Leave the images out, and copy each of the records below exactly.

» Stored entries
- Opening Delimiter -

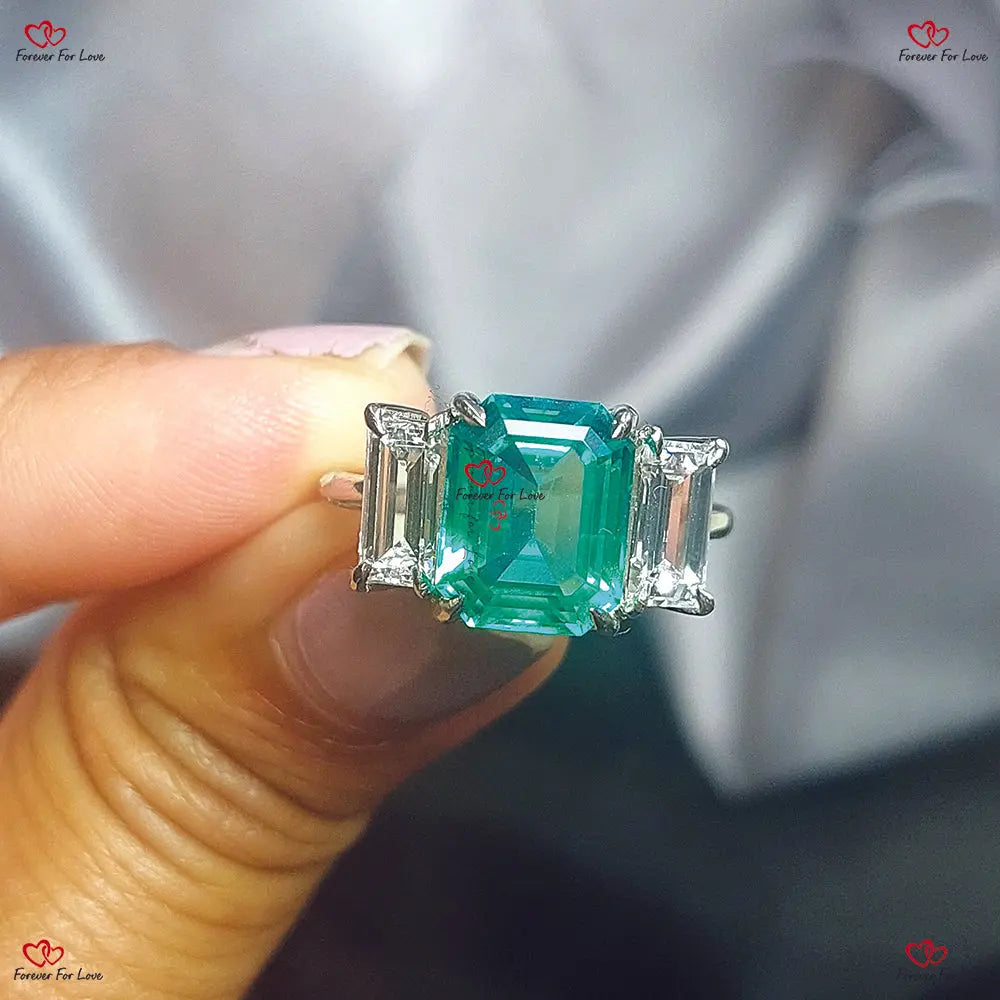 Emerald and Moissanite Engagement Wedding Ring
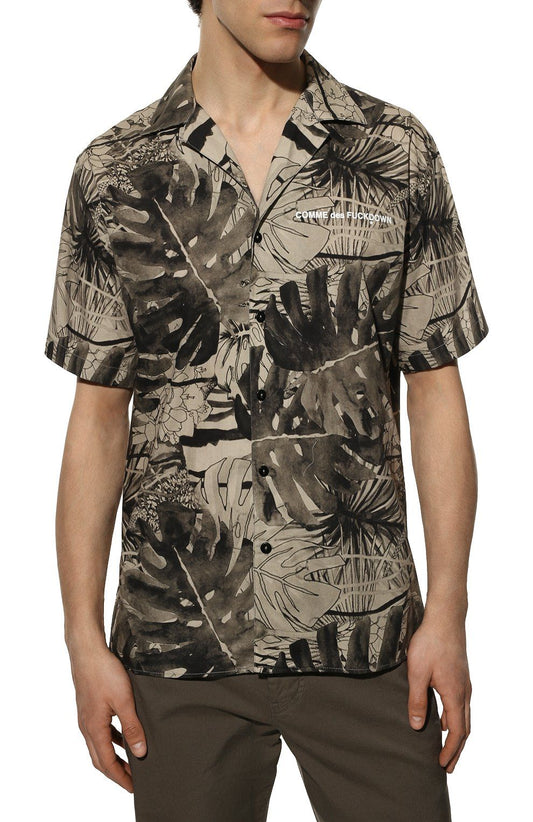 Tropical Leaf Print Short-Sleeve Shirt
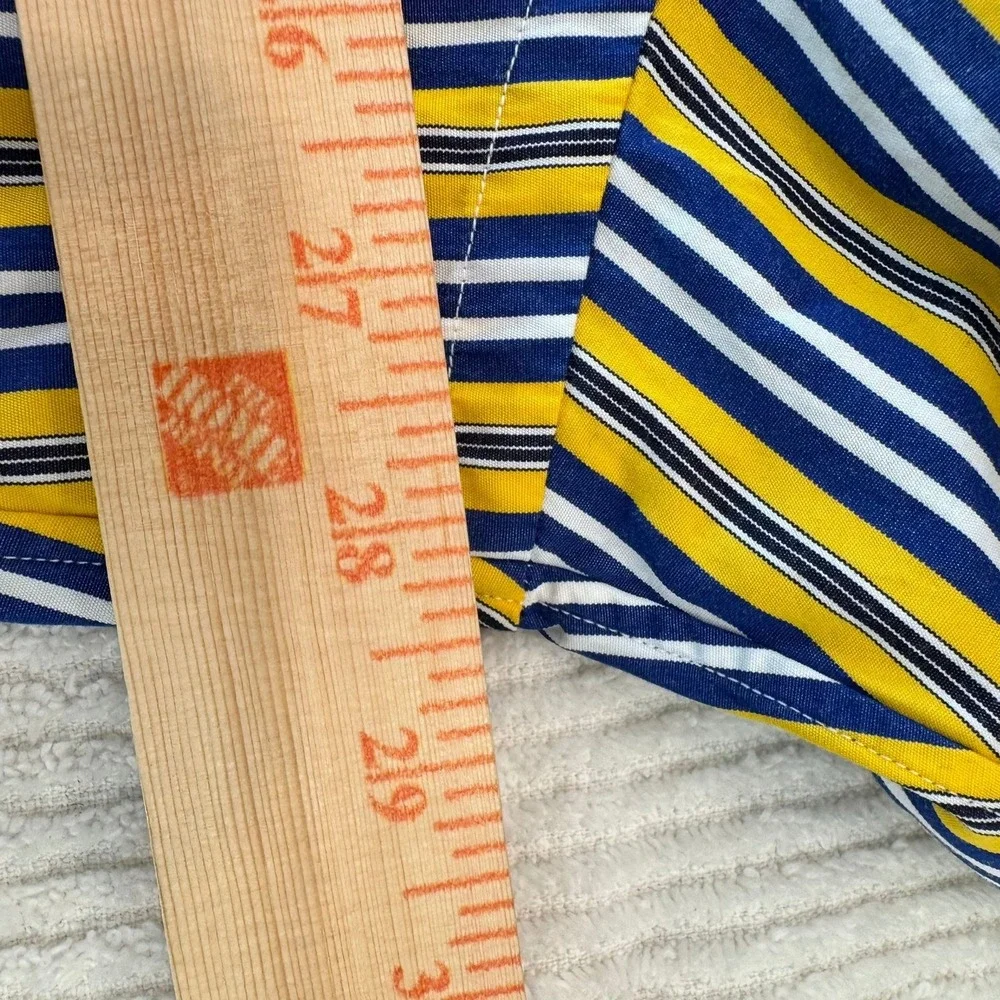 Polo Ralph Lauren Regent Classic Fit Strip Shirt Men XXL Yellow Navy Blue Cotton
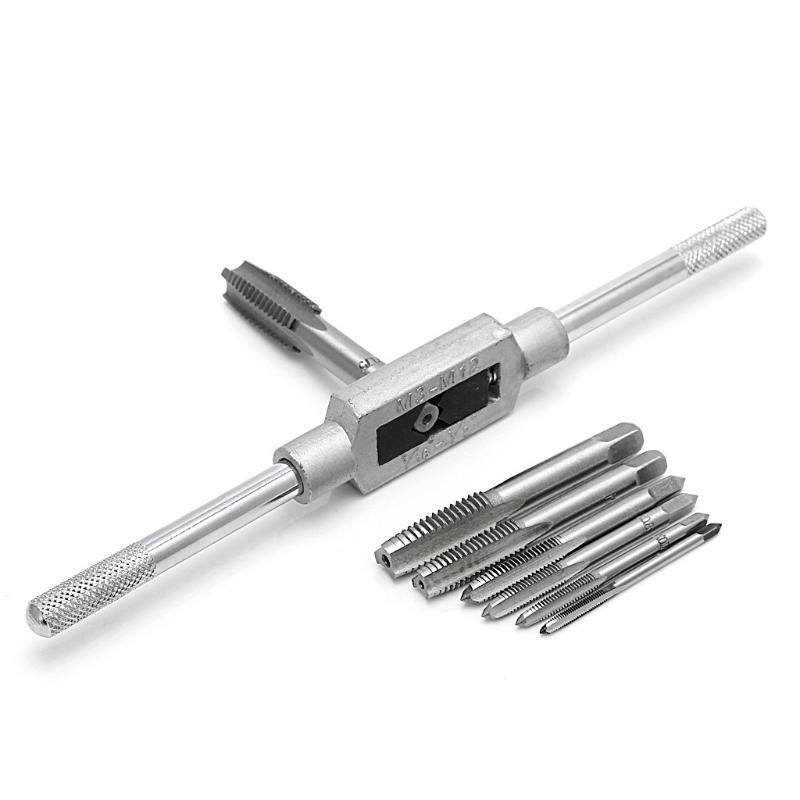 8 Pcs Hand Screw Thread Metric Plug Tap Set M3-M12 With Adjustable Tap Wrench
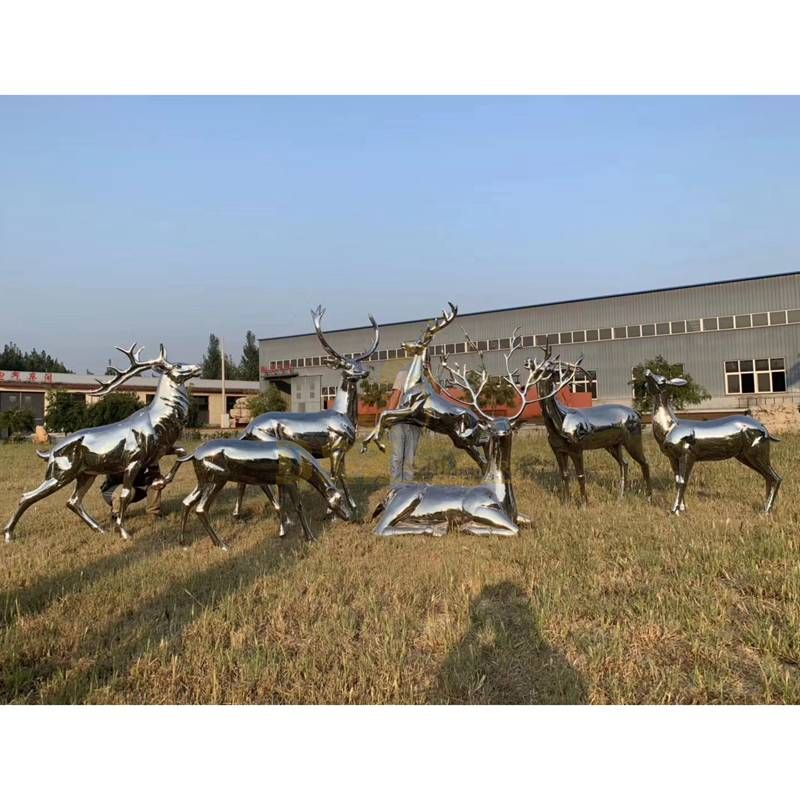 Outdoor Garden Stainless steel deer sculpture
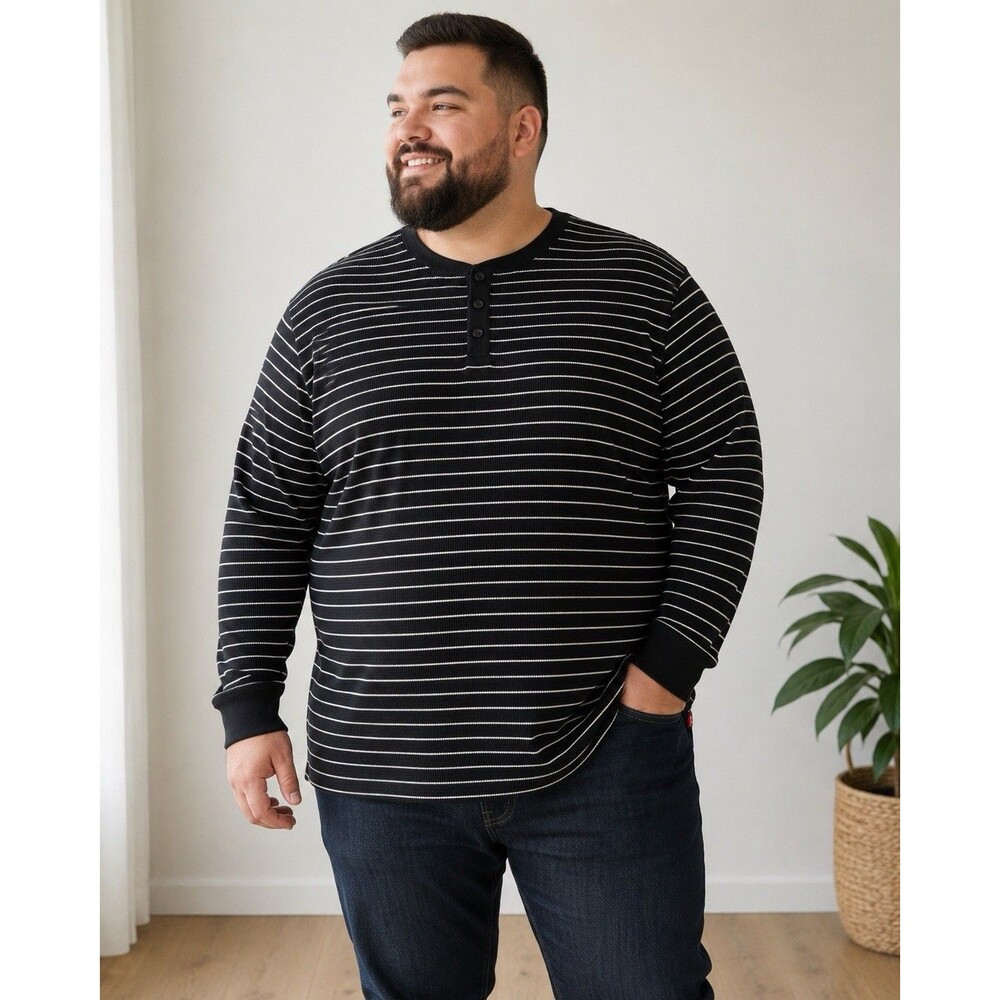 Levi’s Men’s 3XL Black White Striped Long Sleeve Shirt NWT 100% Cotton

- Closing Delimiter -

» Answer section
 Emerald and Moissanite Engagement Wedding Ring
 Tropical Leaf Print Short-Sleeve Shirt
 Polo Ralph Lauren Regent Classic Fit Strip Shirt Men XXL Yellow Navy Blue Cotton
 8 Pcs Hand Screw Thread Metric Plug Tap Set M3-M12 With Adjustable Tap Wrench
 Outdoor Garden Stainless steel deer sculpture
 Levi’s Men’s 3XL Black White Striped Long Sleeve Shirt NWT 100% Cotton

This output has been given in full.